28

633 68 44
                                    

-Lloyd! Chodź tutaj!-krzyczy moja mama, chyba nie zbyt zadowolona.

-Idę, nie musisz na mnie krzyczeć!-odpowiadam, wychodząc z łazienki. Ostatni raz przeczesuje ręką włosy.

Odkładam plecak niemal że przy wyjściu, po czym siadam przy stole w kuchni.

-Dzisiaj wyjątkowo chce się nie spóźnić, więc mów o co chodzi.-pośpieszam.

-Gdzie byłeś?-pyta poważnym głosem-Nie możesz sobie od tak wychodzić z domu, nawet jak jesteś dorosły! W nocy jest niebezpiecznie, zawsze może coś Ci się stać, pomyślałeś o tym może chociaż przez moment.

Nie. Za bardzo byłem podekscytowany spotkaniem z Kaiem.

-Tata ci powiedział?-oburzam się, przenosząc wzrok na siedzącego naprzeciwko mężczyznę-Tato!
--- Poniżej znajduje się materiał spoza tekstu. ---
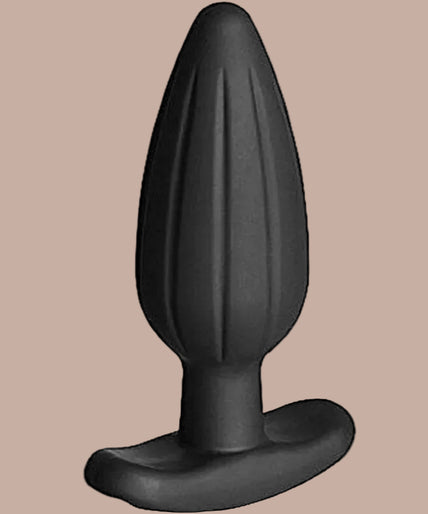 ELECTRASTIM - SILICONE BLACK ROCKER BUTT PLUG LARGE ELECTRASTIM - SILICONE BLACK ROCKER BUTT PLUG LARGE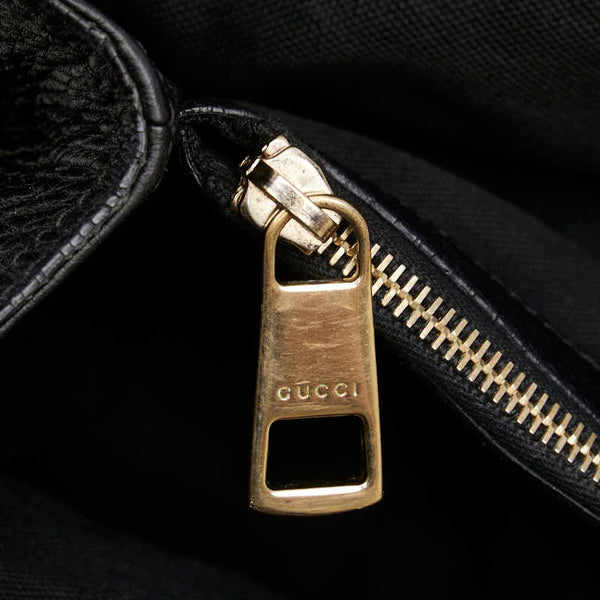 グッチ バンブー ハンドバッグ ショルダーバッグ 2WAY 323658 ブラック レザー レディース GUCCI 【中古】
-Nie patrz na mnie mnie. Sam się wkopałeś.-prycha jedynie.

Podnoszę zaskoczony brwi do góry, nie widząc o czym mówi ojciec.

-Mogłeś chociaż zamknąć drzwi do pokoju i zgasić światło jak już zachciało ci się uciekać z domu.-prycha kobieta, na co przewracam oczami.

-Nie jestem dzieckiem-przypominam-I nie uciekałem, to po prostu była ważna sprawa.

Nie ważne, czy mam 10, 16, 20 albo jak będę miał 30. Dla mojej mamy chyba do końca życia zostanę noworodkiem, które nie poradzi sobie w życiu.

-Daj mu spokój, bo ty nie wymykałaś się z domu?-mężczyzna krzyżuje dumnie ręce, puszczając do mnie oko.

Co?

Spoglądam zdziwiony na swoją mamę, która teraz lustruje wzrokiem swojego męża, który wzrusza jedynie ramionami. Jakoś nie potrafię sobie wyobrazić, jak moja mama, jako młoda dziewczyna wymykała się od dziadków z domu. I gdzie niby miała by chodzić. Dziadkowie mieszkają na wsi, kompletne zadupie, że nawet nie jestem pewien, czy jakikolwiek autobus tam dojeżdża.

-To co innego.-odpowiada kobieta.

Czyli jednak się wymagała. Misako Garmadon, pisarka, w swojej młodości wymykała się z domu w środku nocy.

-Wy sobie rozmawiajcie, a ja jadę, szkoła czeka. Na razie.-rzucam kierując się do wyjścia, zabierając wcześniej plecak.

-Zakochał się, co na to poradzisz? Po prostu jesteś za bardzo opiekuńcza.-słyszę jeszcze.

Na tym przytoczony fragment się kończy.